Closed lazydog2 closed 2 months ago
Aside from the SQL connection information SQLDataSource
behaves exactly like CSVDataSource
in terms of how Tribuo processes the data, which you can see in the columnar data tutorial. Is there something about how the SQL connection works that we should document better? I think internally we may only have used it against Oracle DBs, but it should talk to anything that works via JDBC.
Thanks @Craigacp, I've been working my way through the documentation and figuring out how to construct the SQLDataSource. The SQLDataSource constructor includes an OutputFactory argument that the CSVDataSource doesn't but I believe this could be a ClusteringFactory when used to perform clustering using HDBSCAN but a SQLDataSource example, whether it be for HDBSCAN or another technique, would help determine the correct usage of SQLDataSource for someone who is unfamiliar with Tribuo.
Yes, you should use a ClusteringFactory
for HDBSCAN. The SQLDataSource
should probably be refactored to pull its output factory from the RowProcessor
, which is how the CSVDataSource
works. We must have missed that in the refactor which unified the columnar processing infrastructure.
If you have a ground truth clustering that you want to load in for later comparison then you'll need to write a ResponseProcessor
which creates the appropriate ClusterID
object from your source. Otherwise use EmptyResponseProcessor
and pass it a ClusteringFactory
.
Thanks @Craigacp. Is the RowProcessor tutorial you mention in response to leccelecce's comment below, the same columnar data tutorial you mentioned in your comment above? https://github.com/oracle/tribuo/issues/50#issuecomment-709612052
While not related to this SQLDataSource Example issue, I am also looking for an example of using a non-double Feature value e.g. a BigInteger.
Yes, that's the one.
All Tribuo feature values are doubles, you can use RowProcessor to transform other things into features but the values must be doubles as that's what all the computational backends support.

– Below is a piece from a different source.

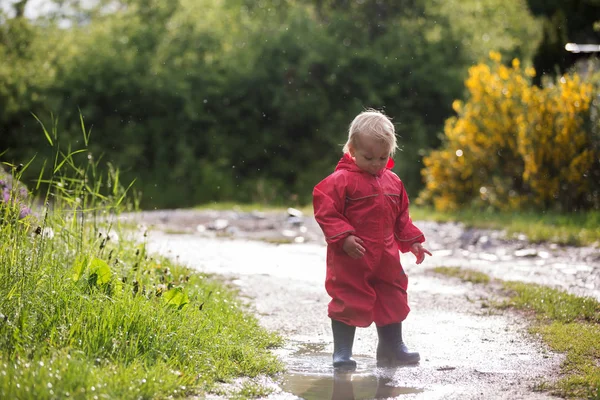 Lieve kleine peuter jongen, blond kind in rode regenjas en blauw b — Stockfoto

Hi @Craigacp, I'm having trouble with either the SQLDataSource or a custom Processor. When I run the code, it produces the following output:
INFO: Iterated over 1000000 rows
[WARNING]
java.lang.ArrayIndexOutOfBoundsException: Index 0 out of bounds for length 0
at org.tribuo.math.neighbour.bruteforce.NeighboursBruteForce.<init> (NeighboursBruteForce.java:48)
at org.tribuo.math.neighbour.bruteforce.NeighboursBruteForceFactory.createNeighboursQuery (NeighboursBruteForceFactory.java:99)
at org.tribuo.math.neighbour.bruteforce.NeighboursBruteForceFactory.createNeighboursQuery (NeighboursBruteForceFactory.java:38)
at org.tribuo.clustering.hdbscan.HdbscanTrainer.calculateCoreDistances (HdbscanTrainer.java:335)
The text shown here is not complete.